The getting-started.ipynb notebook, in the notebook session environment, helps you create the Oracle Cloud Infrastructure configuration file. You must set up this configuration file to access the model catalog or Oracle Cloud Infrastructure services, such as Object Storage, Functions, and Data Flow from the notebook environment.

This configuration file is also needed to run ADS. You must run the getting-started.ipynb notebook every time you launch a new notebook session. For more details, see Configuration and Model Catalog.

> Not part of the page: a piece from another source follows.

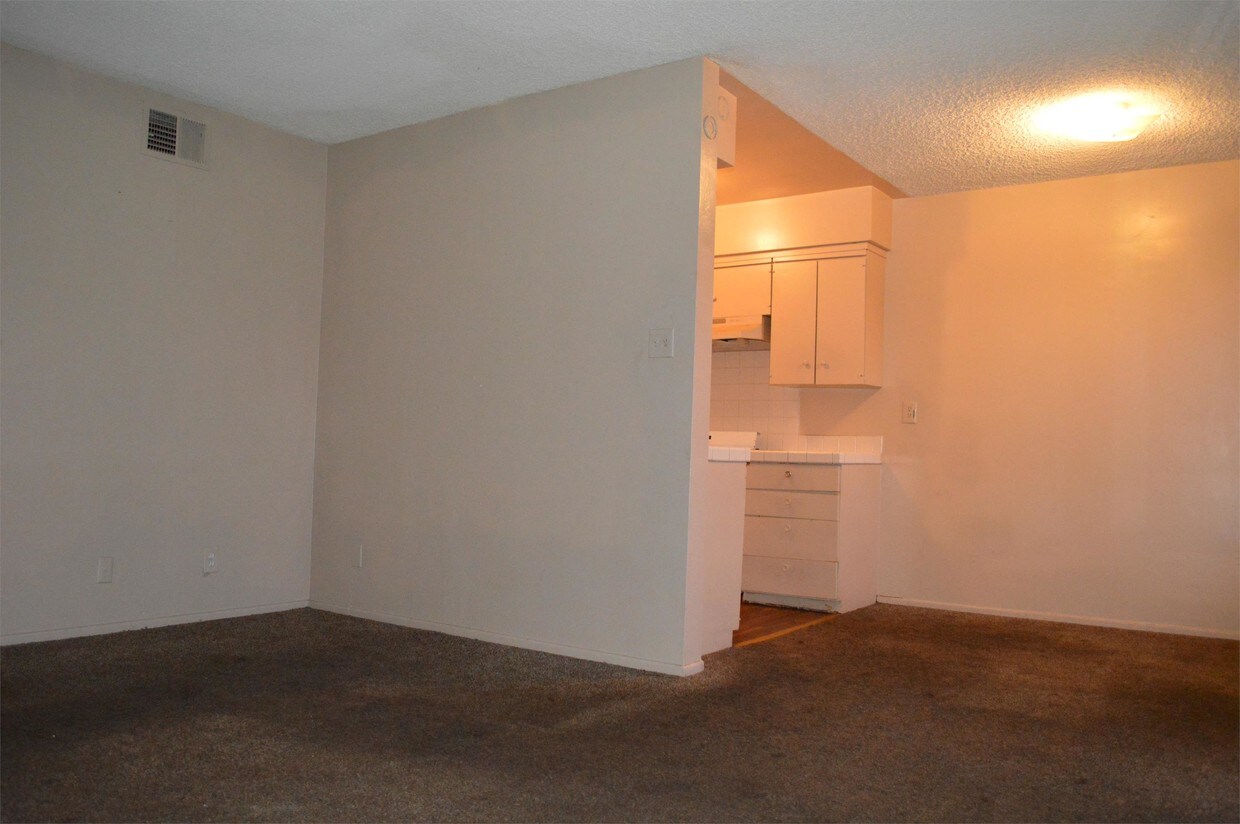 Primary Photo - 2630 Sherwood St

You can use ADS to save models built with ADS or generic models built outside of ADS to the model catalog. One way to save an ADSModel is:

from os import environ
from ads.common.model_export_util import prepare_generic_model
from joblib import dump
import os.path
import tempfile
tempfilepath = tempfile.mkdtemp()
dump(model, os.path.join(tempfilepath, 'model.onnx'))
model_artifact = prepare_generic_model(tempfilepath)
compartment_id = environ['NB_SESSION_COMPARTMENT_OCID']
project_id = environ["PROJECT_OCID"]

...

mc_model = model_artifact.save(
  project_id=project_id,
  compartment_id=compartment_id,
  display_name="random forest model on iris data",
  description="random forest model on iris data",
  training_script_path="model_catalog.ipynb",
  ignore_pending_changes=False)

ADS also provides easy wrappers for the model catalog REST APIs. By constructing a ModelCatalog object for a given compartment, you can list the models with the list_models() method:

from ads.catalog.model import ModelCatalog
from os import environ
mc = ModelCatalog(compartment_id=environ['NB_SESSION_COMPARTMENT_OCID'])
model_list = mc.list_models()

To load a model from the catalog, the model has to be fetched, extracted, and restored into memory so that it can be manipulated. You must specify a folder where the download would extract the files to:

import os
path_to_my_loaded_model = os.path.join('/', 'home', 'datascience', 'model')
mc.download_model(model_list[0].id, path_to_my_loaded_model, force_overwrite=True)

Then construct or reconstruct the ADSModel object with:

from ads.common.model_artifact import ModelArtifact
model_artifact = ModelArtifact(path_to_my_loaded_model)

There’s more details to interacting with the model catalog in Model Catalog.

Model Evaluations with ADS

Model Evaluations

ADS can evaluate a set of models by calculating and reporting a variety of task-specific metrics. The set of models must be heterogeneous and be based on the same test set.

The general format for model explanations (ADS or non-ADS models that have been promoted using the ADSModel.from_estimator function) is:

from ads.evaluations.evaluator import ADSEvaluator
from ads.common.data import MLData

evaluator = ADSEvaluator(test, models=[model, baseline], training_data=train)
evaluator.show_in_notebook()

If you assign a value to the optional training_data method, ADS calculates how the models generalize by comparing the metrics on training with test datasets.

The evaluator has a property metrics, which can be used to access all of the calculated data. By default, in a notebook the evaluator.metrics outputs a table highlighting for each metric which model scores the best.

evaluator.metrics
../../_images/evaluation-test.png ../../_images/evaluation-training.png

If you have a binary classification, you can rank models by their calculated cost by using the calculate_cost() method.

../../_images/evaluation-cost.png

You can also add in your own custom metrics, see the Model Evaluation for more details.